Lease in lieu of purchase including automobiles
In a lease in lieu of purchase, the lessee will acquire title at the end of the lease term. This type of lease is deemed a “sale” at the commencement of the lease. The lessee would be charged sales tax up front based on the total lease payments. (Finance charges which are separately stated may be excluded from the taxable base.)
Leases with nominal purchase options, such as $1.00, are considered leases in lieu of purchase. In addition, TRAC leases may qualify as leases-in-lieu of purchase, depending on the contractual terms.
Trade-ins on leased property
Trade-in credits are only allowed in transactions involving the “sale” of certain vehicles.
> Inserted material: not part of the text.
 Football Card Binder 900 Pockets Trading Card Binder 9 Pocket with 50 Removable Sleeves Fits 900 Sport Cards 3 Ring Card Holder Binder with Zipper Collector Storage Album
Trade-in credits are not allowed on leased property unless the lease is in lieu of purchase and the leased property is of the type that allows trade-in credits.
Leases to exempt organizations
Leases to exempt organizations are treated no differently than the leases mentioned above with the following exceptions: rentals and leases of automobiles, interim rentals and leases in lieu of purchase, being “sales”, are exempt when rented/leased to a sales tax exempt organization. In the case of a lease with option to purchase, the lease is taxable as previously described, while the sale that occurs when the option exercised is exempt.
Interim Rentals
The Sales and Use Tax Law contains a special provision to cover situations where tangible personal property that had been purchased for resale is rented as an incident to holding the property for resale. This does not apply to situations where the purchase of the property was for rental purposes and the ultimate sale of the property is incidental only. Nor does it apply to short-term or long-term rentals or leases of automobiles.
The law permits the retailer in such cases to elect to collect and remit sales tax on rental payments rather than pay a use tax on the purchase price. Sales tax on rentals is to be passed on to the original and any subsequent lessees. If the property is rented to a person for more than one year or the retailer makes other use of the property, other than rental or sale, the election is void and the retailer is liable for use tax on the property.
Retailers must maintain supporting documentation of the rentals for audit purposes.
Software licenses
Unlike a sale, a software license provides the user with the authorization to only use the software without title to the software transferring to the user. A software license is therefore treated as a lease. Software licenses that are issued and renewed annually are taxable to the lessor based upon the purchase price. If the software lessor is also the developer of the software, the cost of the product is based upon the lessor’s material costs.
A software license will be considered a lease in lieu of purchase when the license is perpetual or for 10 years or more with no annual renewals. In this situation, the lessor would collect a sales tax from the lessee at the commencement of the lease based upon the total amount of lease payments.